I had to watch Strictly Come Dancing (BBC1, Saturday) to see if my old chum John Sergeant survived another day. Until this past week the judges detested him because he subverts the whole thing — indeed undermines the notion that ballroom dancing is more important than any other hobby, such as collecting beer mats. One of them moaned that having the public vote for him and his partner ‘makes a mockery of the whole show’.
But the show makes a mockery of itself. Most of the so-called celebrities are described as ‘TV presenters’ which, in these days of 24-hour broadcasting on a hundred channels, covers much of the population. The judges are encouraged to squabble cattily among each other. Bruce Forsyth tells sort-of jokes. Like many random remarks uttered by elderly gentlemen they’re meant to be funny, but you don’t quite see why. It was intriguing that after all the publicity Sergeant got a week ago — in spite of instructions, the public insisted on voting for him — the judges decided to be kind last Saturday. Like the Romanoffs, they had heard the mob advancing on the Winter Palace. Even so, when he and his partner survived again in the results programme on Sunday, they could hardly forbear to spit in disgust. It was a good moment.

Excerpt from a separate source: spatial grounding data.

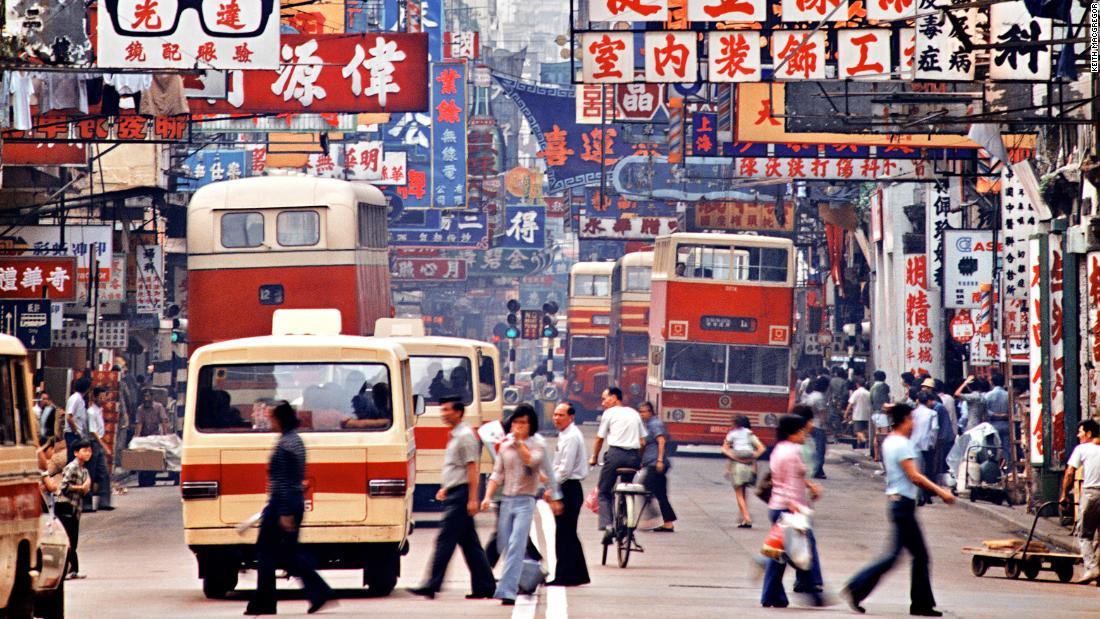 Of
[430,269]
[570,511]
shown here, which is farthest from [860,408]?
[430,269]

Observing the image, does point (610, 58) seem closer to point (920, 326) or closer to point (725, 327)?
point (725, 327)

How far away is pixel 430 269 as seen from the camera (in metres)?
63.3

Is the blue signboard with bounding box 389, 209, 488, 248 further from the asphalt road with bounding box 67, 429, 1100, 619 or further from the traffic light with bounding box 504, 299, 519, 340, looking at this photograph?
the asphalt road with bounding box 67, 429, 1100, 619

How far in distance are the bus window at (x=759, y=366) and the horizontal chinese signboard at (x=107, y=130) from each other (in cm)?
1277

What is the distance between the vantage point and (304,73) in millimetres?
25328

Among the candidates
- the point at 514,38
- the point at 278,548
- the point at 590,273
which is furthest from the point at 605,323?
the point at 514,38

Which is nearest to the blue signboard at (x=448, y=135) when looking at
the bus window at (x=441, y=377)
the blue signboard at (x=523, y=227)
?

The Devil’s Whore (Channel 4, Wednesday) is about the English Civil War, though for budgetary reasons has been filmed in South Africa. This was a surprise, like hearing that Zulu had been shot in Skegness. Peter Flannery, who conceived and wrote the serial, spent 14 years trying to get it on to the screen. He seems to believe that the Civil War has been Tippexed out of our history, which is not my impression, though admittedly we tend to get more of those wacky Tudors. I wanted to like the show more than I did. The cast is extraordinary — John Simm, Andrea Riseborough, Maxine Peake, with Peter Capaldi as a red-eyed Charles I, a role at first sight as unlike the evil spin-doctor Malcolm Tucker from The Thick Of It as you could imagine. Yet both men are simultaneously tyrannical and terrified. Charles has people executed to calm his nerves, rather like Tucker.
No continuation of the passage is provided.